> _Instructions for the task_:
All of the records below must be output exactly, with no pictures carried over.

━━━━━━━━━━━━━━━━━━━━

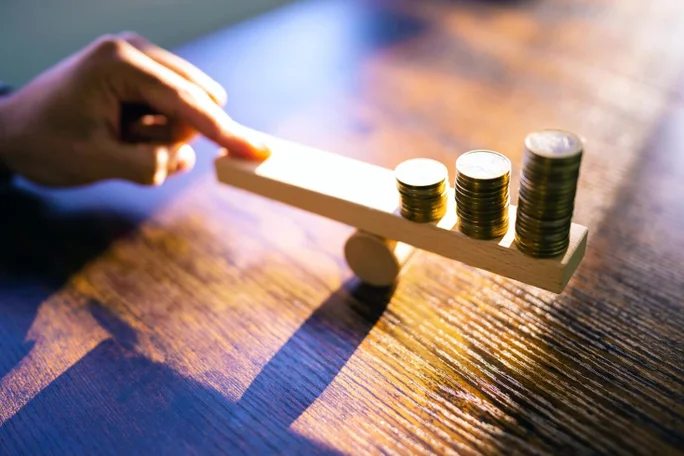 Dieses Bild zeigt eine Hand, die einen hölzernen Hebel balanciert, auf dessen beiden Seiten sich Stapel von Münzen befinden. Dies symbolisiert das Konzept der Abwägung finanzieller Investitionen und die sorgfältige Überlegung, die bei der Verwaltung von Vermögenswerten und Ressourcen erforderlich ist.
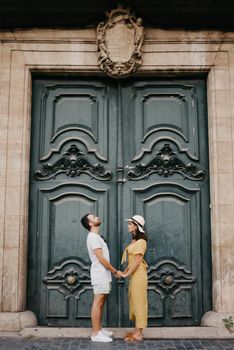 A girl in a hat and a dress with a plunging neckline and her boyfriend with a beard are staying near the giant doors holding each other's hand in the old town. A couple of tourists in Valencia.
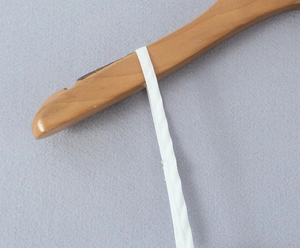 Detailed close-up of white spaghetti strap and texture on a natural wooden hanger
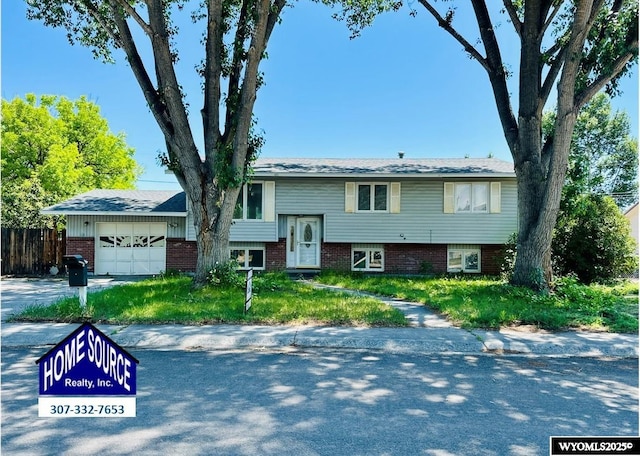 829 Belinda Dr, Riverton, WY 82520 - raised ranch featuring an attached garage and brick siding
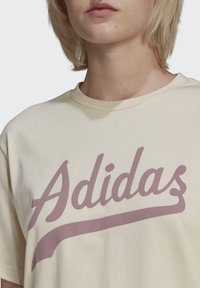 Grietai spalvos medvilnės marškinėliai su dideliu rožiniu "Adidas" logotipu, apvaliu iškirpimu, trumpomis rankovėmis ir laisvu siluetu.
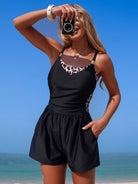 NEWYORKLISTED EDEN COLLECTION: Woman in a black romper with leopard print accents taking a selfie on a beach.
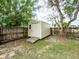 Exterior view of the storage shed in the backyard, providing convenient outdoor storage at 428 Flamingo Dr, Apollo Beach, FL 33572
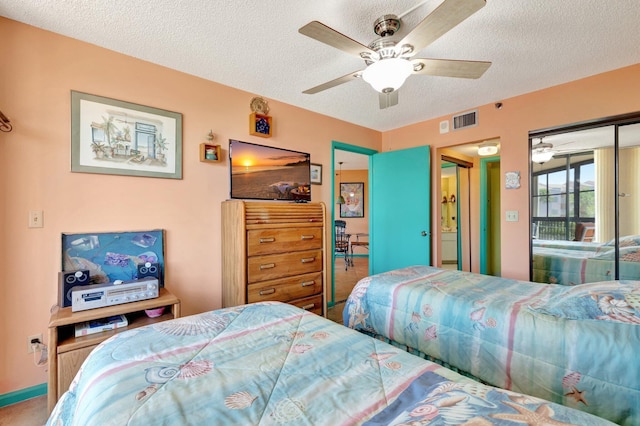 2400 S Ocean Dr Unit 4223, Fort Pierce, FL 34949 - bedroom featuring a textured ceiling and a ceiling fan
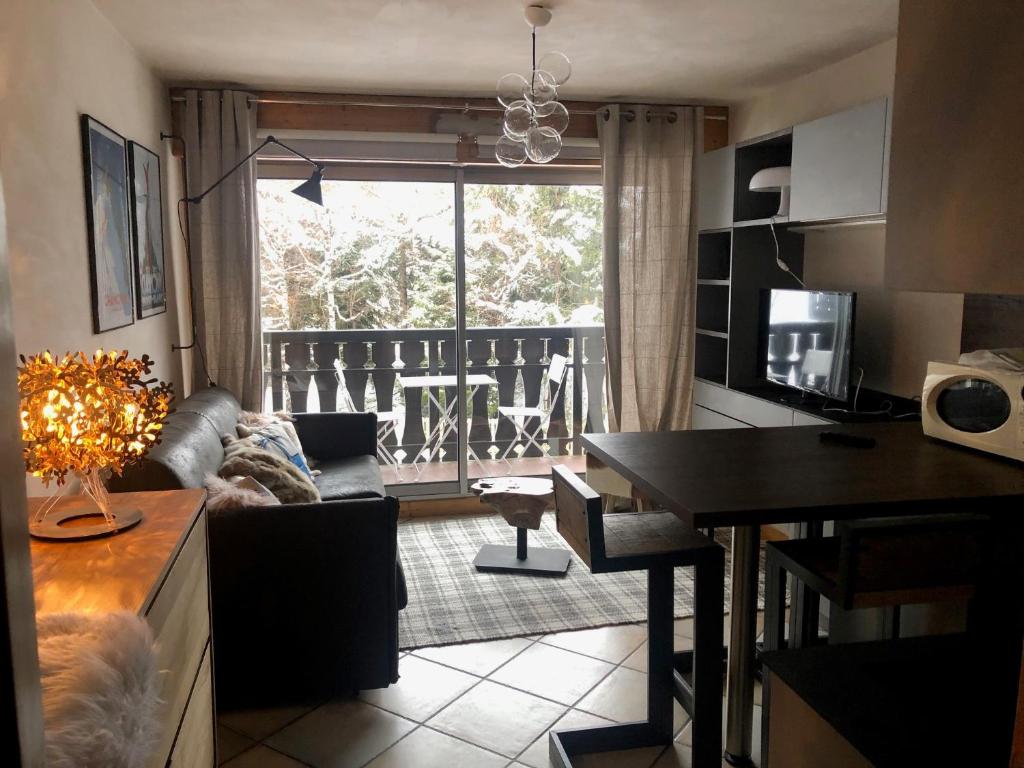 uma cozinha e sala de estar com um sofá e uma mesa em Studio Le 4122 - Chamonix centre Clos du Savoy em Chamonix-Mont-Blanc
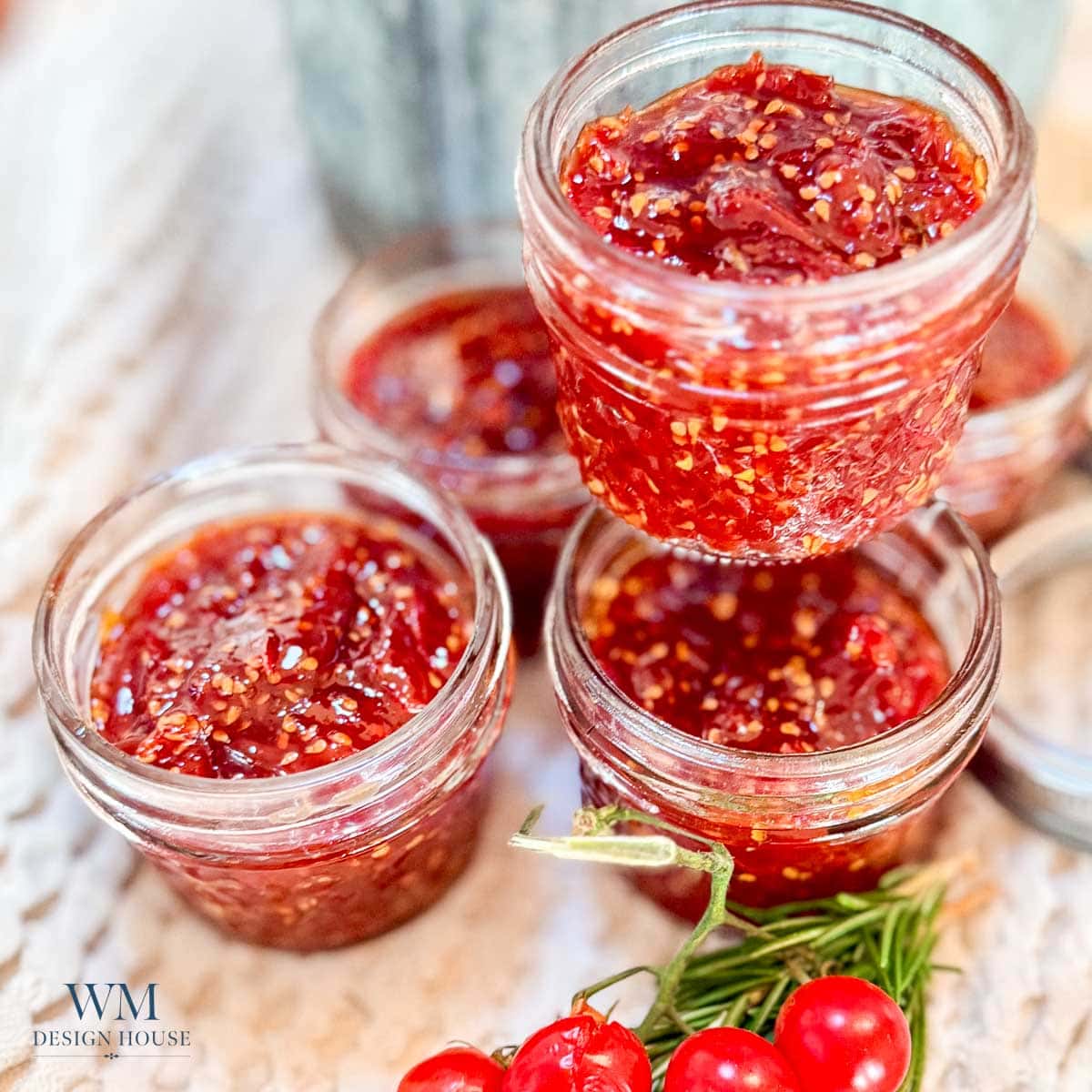 Four small glass jars filled with homemade raspberry or strawberry jam are arranged on a surface; a sprig of rosemary and red berries are nearby.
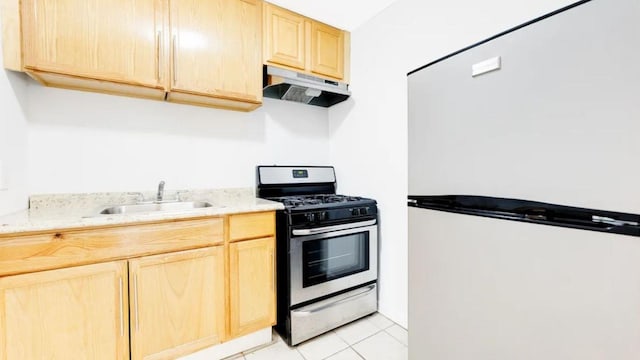 kitchen with a sink, stainless steel range with gas stovetop, under cabinet range hood, white fridge, and light brown cabinetry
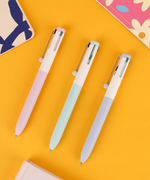 Set of 3 pastel 4 color pens in pink, light blue, and lavender lying neatly on a bright yellow surface.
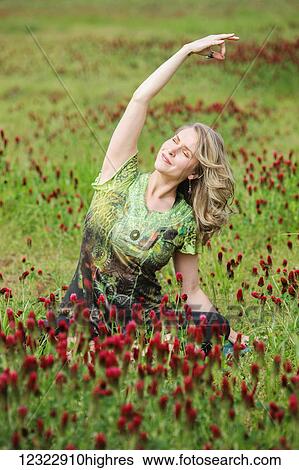 A woman does yoga in a field of wildflowers; Oregon, United States of America View Large Photo Image Stock Photograph - A woman does yoga in a field of wildflowers; Oregon, United States of America. Fotosearch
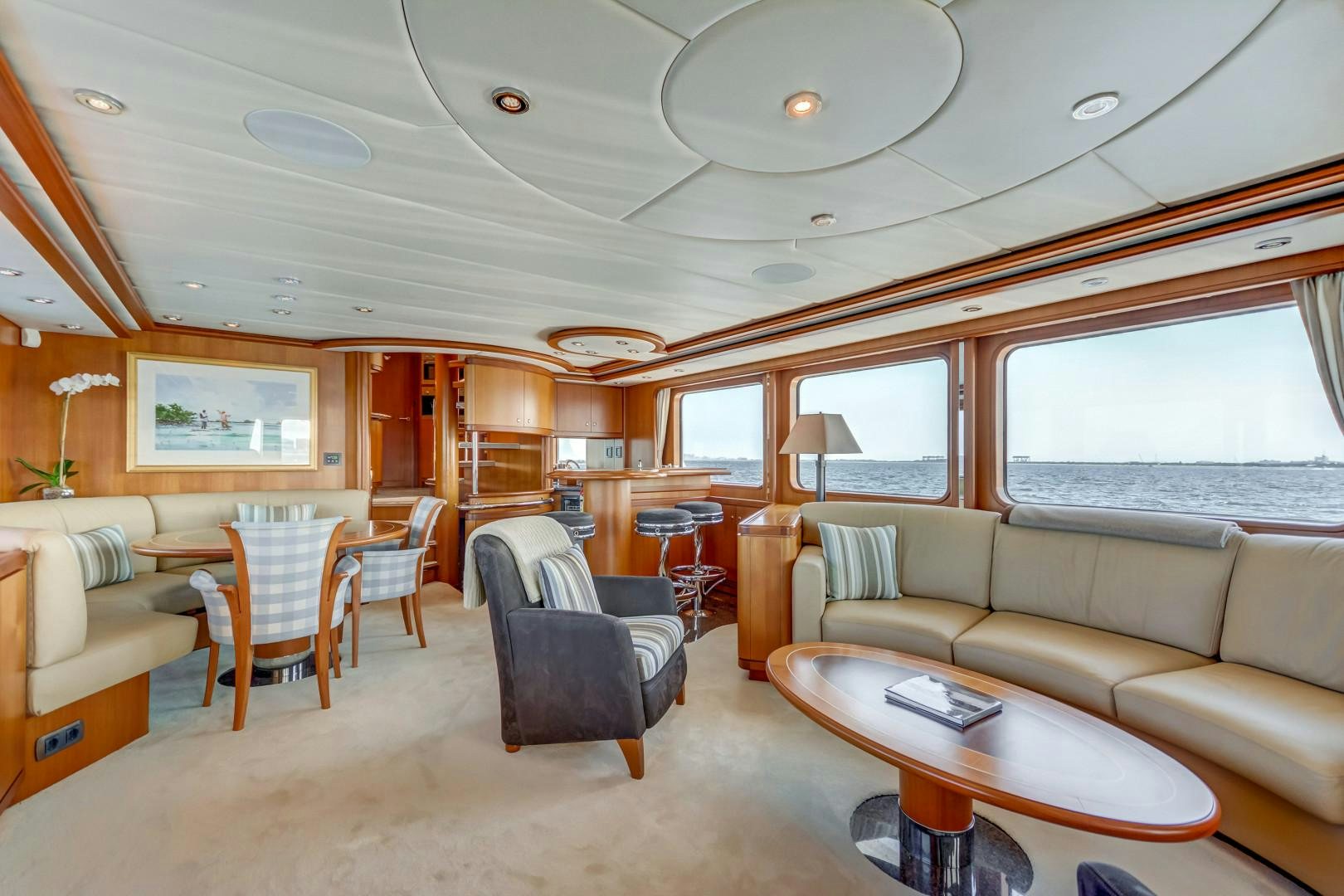 a living room with a couch and a table aboard GUSTO Yacht for Sale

━━━━━━━━━━━━━━━━━━━━

> _Answer below_:
 Dieses Bild zeigt eine Hand, die einen hölzernen Hebel balanciert, auf dessen beiden Seiten sich Stapel von Münzen befinden. Dies symbolisiert das Konzept der Abwägung finanzieller Investitionen und die sorgfältige Überlegung, die bei der Verwaltung von Vermögenswerten und Ressourcen erforderlich ist.
 A girl in a hat and a dress with a plunging neckline and her boyfriend with a beard are staying near the giant doors holding each other's hand in the old town. A couple of tourists in Valencia.
 Detailed close-up of white spaghetti strap and texture on a natural wooden hanger
 829 Belinda Dr, Riverton, WY 82520 - raised ranch featuring an attached garage and brick siding
 Grietai spalvos medvilnės marškinėliai su dideliu rožiniu "Adidas" logotipu, apvaliu iškirpimu, trumpomis rankovėmis ir laisvu siluetu.
 NEWYORKLISTED EDEN COLLECTION: Woman in a black romper with leopard print accents taking a selfie on a beach.
 Exterior view of the storage shed in the backyard, providing convenient outdoor storage at 428 Flamingo Dr, Apollo Beach, FL 33572
 2400 S Ocean Dr Unit 4223, Fort Pierce, FL 34949 - bedroom featuring a textured ceiling and a ceiling fan
 uma cozinha e sala de estar com um sofá e uma mesa em Studio Le 4122 - Chamonix centre Clos du Savoy em Chamonix-Mont-Blanc
 Four small glass jars filled with homemade raspberry or strawberry jam are arranged on a surface; a sprig of rosemary and red berries are nearby.
 kitchen with a sink, stainless steel range with gas stovetop, under cabinet range hood, white fridge, and light brown cabinetry
 Set of 3 pastel 4 color pens in pink, light blue, and lavender lying neatly on a bright yellow surface.
 A woman does yoga in a field of wildflowers; Oregon, United States of America View Large Photo Image Stock Photograph - A woman does yoga in a field of wildflowers; Oregon, United States of America. Fotosearch
 a living room with a couch and a table aboard GUSTO Yacht for Sale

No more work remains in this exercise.